# Work instructions:
Repeat each entry exactly. Drop every image.

#### Record extracts ####

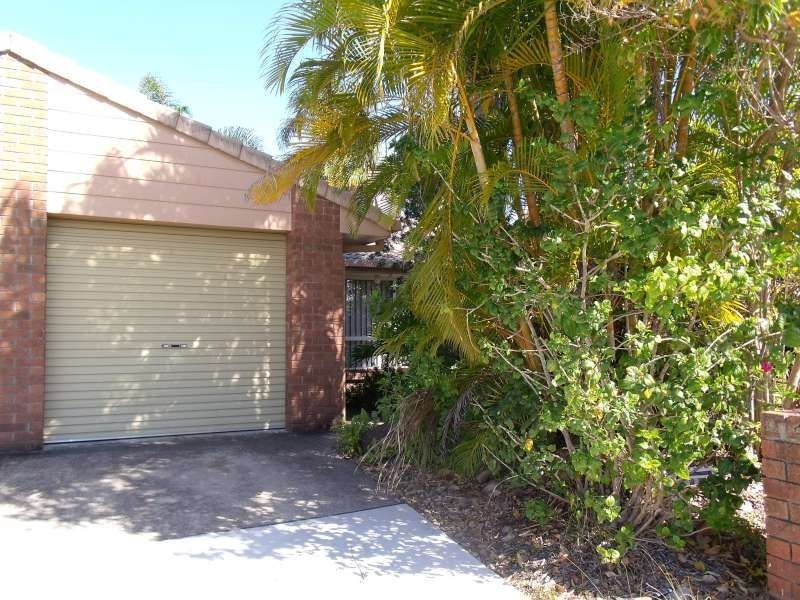 1/182 Whiting Street, Labrador QLD 4215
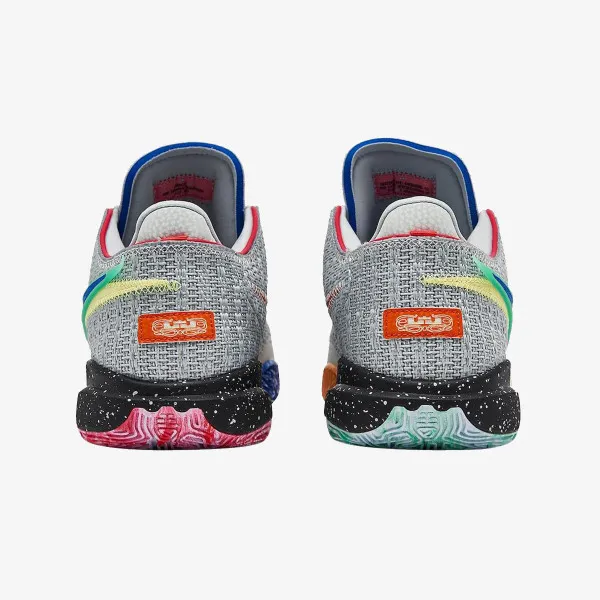 NIKE TENISICE LeBron XX 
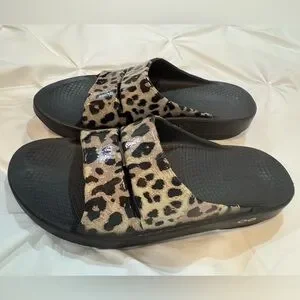 サンダル OOFOS OOAHH LUXE LEOPARD OOAHH LUXE LEOPARD 5002535496 OOFOS | Shoes | Oofos Ooahh Luxe Slide Leopard Print Sandals
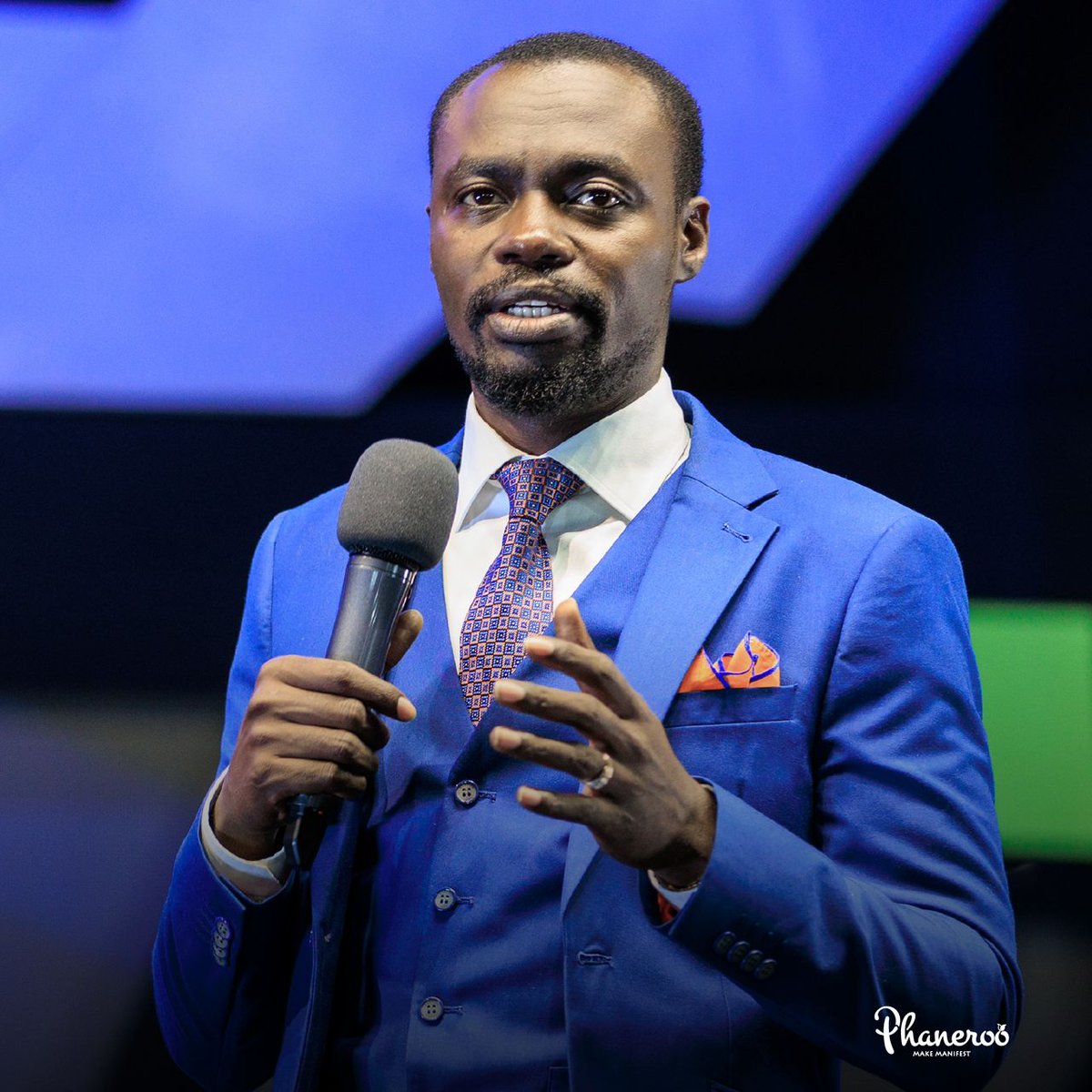 drobbyasap's tweet photo. 1 Corinthians 2:12 AMP
[12] Now we have received, not the spirit of the world, but the [Holy] Spirit who is from God, so that we may know and understand the [wonderful] things freely given to us by God. 

#PhanerooSundayService 
#phaneroo 
#MakeManifest https://t.co/69qxcy7ktd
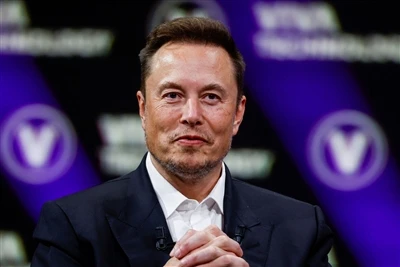 Jarrohlik ehtiyojini aniqlash uchun Musk MRI tekshiruvidan o'tadi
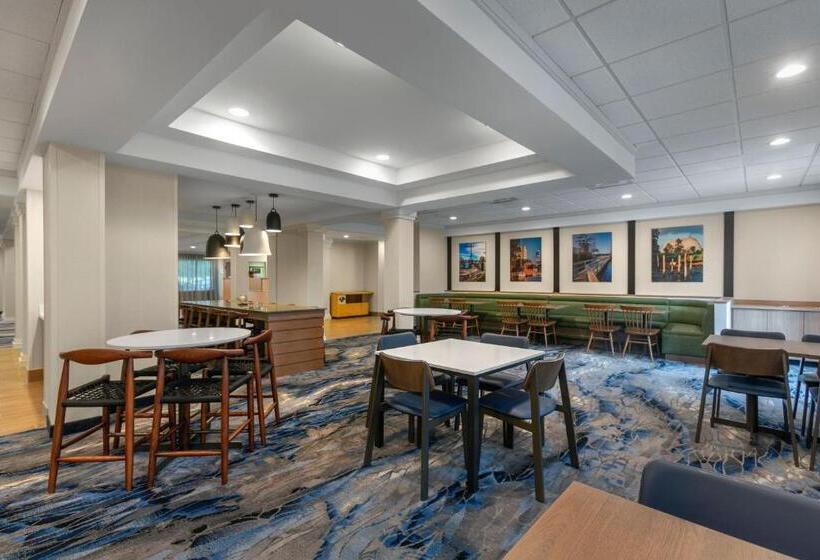 Fairfield Inn & Suites Elizabeth City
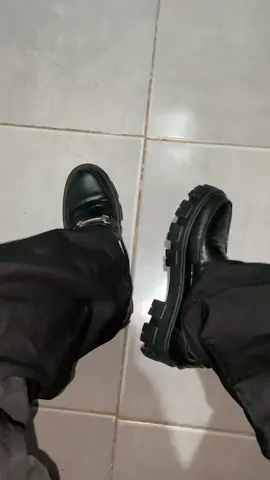 sapato de mocassim, eu me sinto o obama 🥸🥸 . . . #dafitifashioncreators #outfit #fy #fyp 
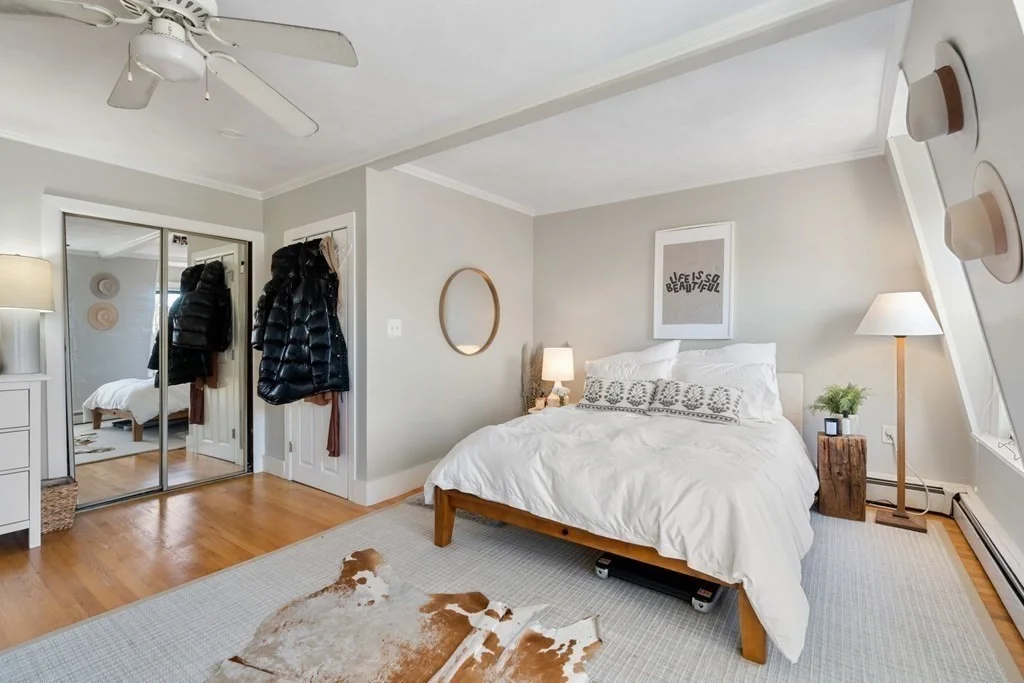 5 bed, 2 bath apartment for rent at 78 H St, Boston — photo 14 of 32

####

# Exercise output:
 1/182 Whiting Street, Labrador QLD 4215
 NIKE TENISICE LeBron XX 
 サンダル OOFOS OOAHH LUXE LEOPARD OOAHH LUXE LEOPARD 5002535496 OOFOS | Shoes | Oofos Ooahh Luxe Slide Leopard Print Sandals
 drobbyasap's tweet photo. 1 Corinthians 2:12 AMP
[12] Now we have received, not the spirit of the world, but the [Holy] Spirit who is from God, so that we may know and understand the [wonderful] things freely given to us by God. 

#PhanerooSundayService 
#phaneroo 
#MakeManifest https://t.co/69qxcy7ktd
 Jarrohlik ehtiyojini aniqlash uchun Musk MRI tekshiruvidan o'tadi
 Fairfield Inn & Suites Elizabeth City
 sapato de mocassim, eu me sinto o obama 🥸🥸 . . . #dafitifashioncreators #outfit #fy #fyp 
 5 bed, 2 bath apartment for rent at 78 H St, Boston — photo 14 of 32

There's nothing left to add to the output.